I have two projects, one with Selenium and one using Scrapy-Selenium, which fits into a Scrapy spider program format but uses Selenium for automation.

I can get the Chromedriver to load the page I want for the basic Selenium program, but something about the second project (with Scrapy) prevents it from loading the URL. Instead it's stuck at showing data:, in the URL bar.

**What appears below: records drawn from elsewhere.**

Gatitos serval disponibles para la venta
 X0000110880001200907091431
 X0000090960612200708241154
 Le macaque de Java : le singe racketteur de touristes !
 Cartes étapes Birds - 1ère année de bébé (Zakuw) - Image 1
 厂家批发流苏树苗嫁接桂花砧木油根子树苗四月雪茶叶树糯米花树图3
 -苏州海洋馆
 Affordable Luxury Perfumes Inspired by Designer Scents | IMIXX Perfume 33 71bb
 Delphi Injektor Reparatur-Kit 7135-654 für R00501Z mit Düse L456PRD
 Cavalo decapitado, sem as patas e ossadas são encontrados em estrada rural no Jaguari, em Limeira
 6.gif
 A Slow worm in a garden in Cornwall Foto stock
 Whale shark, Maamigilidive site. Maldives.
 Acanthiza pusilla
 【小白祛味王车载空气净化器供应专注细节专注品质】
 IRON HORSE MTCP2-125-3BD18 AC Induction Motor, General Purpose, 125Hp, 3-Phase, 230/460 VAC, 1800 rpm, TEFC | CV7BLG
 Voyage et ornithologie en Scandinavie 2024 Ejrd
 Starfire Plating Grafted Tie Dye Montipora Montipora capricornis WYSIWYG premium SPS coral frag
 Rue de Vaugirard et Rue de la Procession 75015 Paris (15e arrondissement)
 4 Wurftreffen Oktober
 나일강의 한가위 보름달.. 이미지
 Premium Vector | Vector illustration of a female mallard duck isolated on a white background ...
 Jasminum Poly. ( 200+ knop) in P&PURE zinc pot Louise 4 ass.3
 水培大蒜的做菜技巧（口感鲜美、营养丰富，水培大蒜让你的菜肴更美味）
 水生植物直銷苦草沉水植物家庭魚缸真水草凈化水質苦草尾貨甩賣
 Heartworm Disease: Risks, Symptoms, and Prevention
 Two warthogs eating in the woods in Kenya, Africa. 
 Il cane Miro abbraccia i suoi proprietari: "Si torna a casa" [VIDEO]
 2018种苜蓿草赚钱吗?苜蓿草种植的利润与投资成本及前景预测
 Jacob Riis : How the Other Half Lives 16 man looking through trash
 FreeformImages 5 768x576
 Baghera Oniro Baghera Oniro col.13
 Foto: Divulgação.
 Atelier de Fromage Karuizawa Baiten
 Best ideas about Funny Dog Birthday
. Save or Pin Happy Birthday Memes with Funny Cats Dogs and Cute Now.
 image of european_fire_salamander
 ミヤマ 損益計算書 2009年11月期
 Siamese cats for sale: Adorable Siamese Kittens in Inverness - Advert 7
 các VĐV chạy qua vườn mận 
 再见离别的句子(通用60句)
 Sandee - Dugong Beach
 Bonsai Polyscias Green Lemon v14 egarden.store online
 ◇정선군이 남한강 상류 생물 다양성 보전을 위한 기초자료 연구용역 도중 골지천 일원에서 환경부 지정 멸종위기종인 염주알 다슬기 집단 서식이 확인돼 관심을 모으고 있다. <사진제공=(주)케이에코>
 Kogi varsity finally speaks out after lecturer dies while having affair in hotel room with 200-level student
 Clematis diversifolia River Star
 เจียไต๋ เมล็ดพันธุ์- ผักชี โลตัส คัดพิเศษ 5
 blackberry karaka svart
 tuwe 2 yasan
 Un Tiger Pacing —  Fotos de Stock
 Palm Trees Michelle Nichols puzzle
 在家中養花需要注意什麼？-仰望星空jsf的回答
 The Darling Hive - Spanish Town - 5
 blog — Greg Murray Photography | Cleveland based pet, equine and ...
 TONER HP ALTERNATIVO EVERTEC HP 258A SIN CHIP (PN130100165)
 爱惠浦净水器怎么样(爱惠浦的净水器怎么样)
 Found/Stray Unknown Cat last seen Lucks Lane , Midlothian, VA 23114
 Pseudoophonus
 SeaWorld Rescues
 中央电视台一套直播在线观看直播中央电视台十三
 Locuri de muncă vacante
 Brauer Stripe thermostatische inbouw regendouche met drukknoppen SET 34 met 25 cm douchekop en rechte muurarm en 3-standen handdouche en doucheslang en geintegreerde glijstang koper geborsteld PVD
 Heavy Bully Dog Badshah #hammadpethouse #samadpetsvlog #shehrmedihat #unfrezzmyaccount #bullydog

First project (works fine):

from selenium import webdriver
from selenium.webdriver.common.keys import Keys
driver = webdriver.Chrome(executable_path="./chromedriver")
driver.get("https://ricemedia.co")

Second project (doesn't load page):

import scrapy
from scrapy_selenium import SeleniumRequest
from selenium import webdriver
import time

class ExampleSpider(scrapy.Spider):
    name = 'rice'

    def start_requests(self):
        yield SeleniumRequest(
            url="https://ricemedia.co",
            wait_time=3,
            callback=self.parse
        )

    def parse(self, response):
        driver = webdriver.Chrome(executable_path="./chromedriver")
        driver.maximize_window()
        time.sleep(20)

I have browsed StackOverflow and Google, and the two most common reasons are outdated Chrome Drivers and missing http in the URL. Neither is the case for me. The path to chromedriver seems alright too (these two projects are in the same folder, along with the same chromedriver). Since one works and the other doesn't, it should have something to do with my Scrapy-Selenium spider.

I should add that I have installed Scrapy, Selenium and Scrapy-Selenium locally in my virtual environment with pip, and I doubt it's an installation issue.

Please help, thanks!

CodePudding user response：

You can use another method to install chrome driver: First of all install Webdriver manager using following pip install webdriver-manager or use maven dep to get it

Then code:

# selenium 3
from selenium import webdriver
from webdriver_manager.chrome import ChromeDriverManager

driver = webdriver.Chrome(ChromeDriverManager().install())

CodePudding user response：

According to scrapy-selenium doc, to run SeleniumRequest scrapy project is a must.
Chrome Driver path does not work that you have done like driver= webdriver.Chrome(executable_path="./chromedriver")
You have to use Chrome Driver path in project settings.py file
You have to put the chromedriver.exe in your project folder
No need driver.maximize_window() as scrapy-selenium well-work with headless mode
No need to use time.sleep(20) thus way as wait_time is used.
scrapy-selenium doc
You have to add scrapy-selenium middleware and execution path in settings.py file as follows:

Just copy and paste the following portion anywhere in settings.py file

#Middleware
    
DOWNLOADER_MIDDLEWARES = {
'scrapy_selenium.SeleniumMiddleware': 800
}
        
        
#Selenium
from shutil import which
SELENIUM_DRIVER_NAME = 'chrome'
SELENIUM_DRIVER_EXECUTABLE_PATH = which('chromedriver')
SELENIUM_DRIVER_ARGUMENTS = ['--headless']

Script looks like:

import scrapy
from scrapy_selenium import SeleniumRequest

class ExampleSpider(scrapy.Spider):
    name = 'rice'

    def start_requests(self):
        yield SeleniumRequest(
            url="https://ricemedia.co",
            wait_time=3,
            callback=self.parse
        )

    def parse(self, response):
        driver = response.meta['driver']
       #start coding...